*** Records for this task

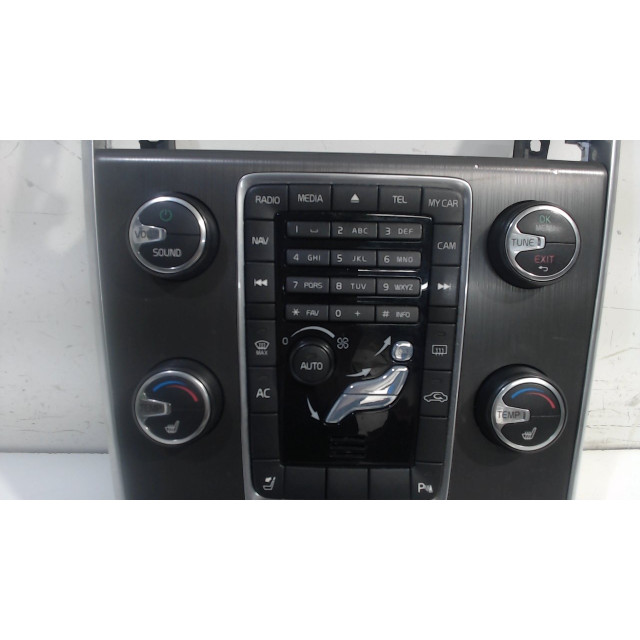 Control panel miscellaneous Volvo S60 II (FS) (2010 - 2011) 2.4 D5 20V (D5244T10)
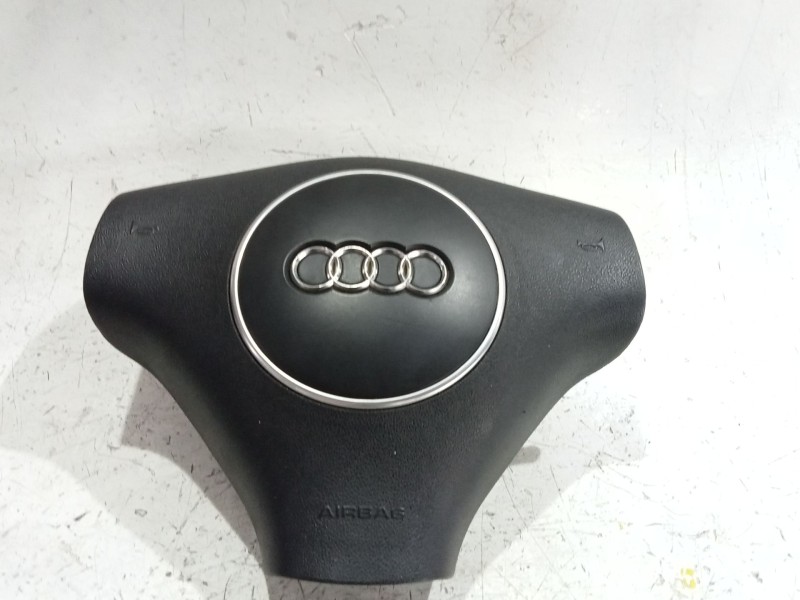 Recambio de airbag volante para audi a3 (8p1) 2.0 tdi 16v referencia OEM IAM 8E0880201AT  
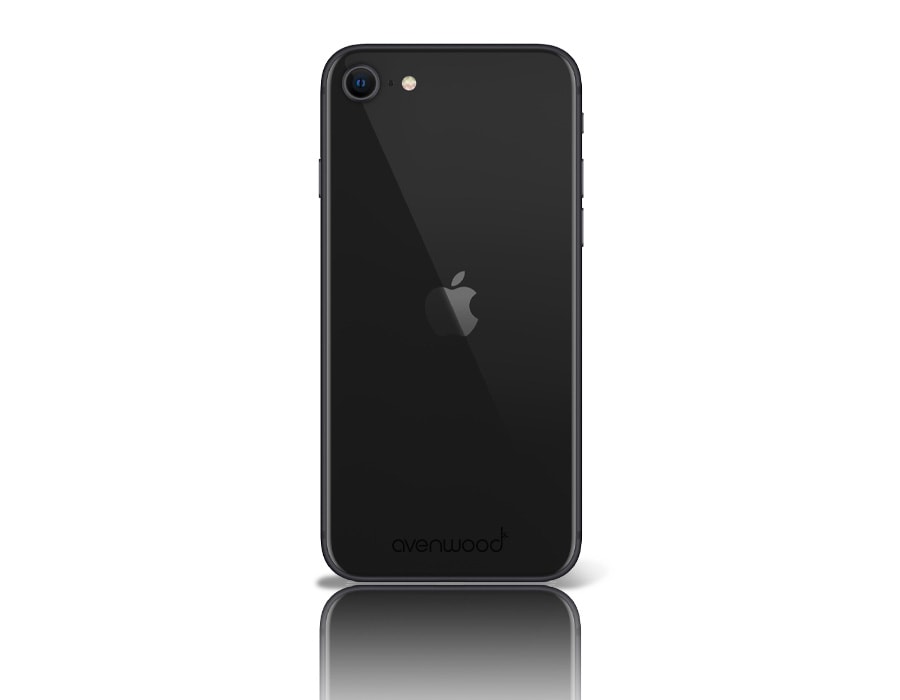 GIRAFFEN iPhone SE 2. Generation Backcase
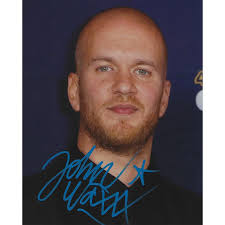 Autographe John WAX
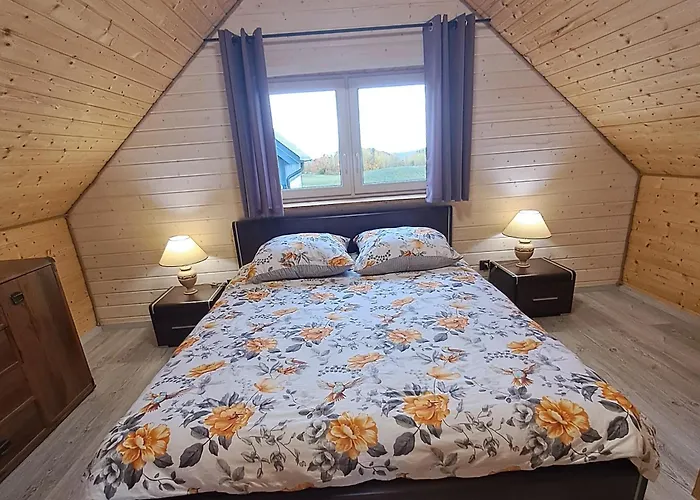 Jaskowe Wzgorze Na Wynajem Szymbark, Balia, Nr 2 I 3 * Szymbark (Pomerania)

******

> [What you will do] Reproduce the listing verbatim, and keep the pictures out of the copy.

> [Answer space]
 Control panel miscellaneous Volvo S60 II (FS) (2010 - 2011) 2.4 D5 20V (D5244T10)
 Recambio de airbag volante para audi a3 (8p1) 2.0 tdi 16v referencia OEM IAM 8E0880201AT  
 GIRAFFEN iPhone SE 2. Generation Backcase
 Autographe John WAX
 Jaskowe Wzgorze Na Wynajem Szymbark, Balia, Nr 2 I 3 * Szymbark (Pomerania)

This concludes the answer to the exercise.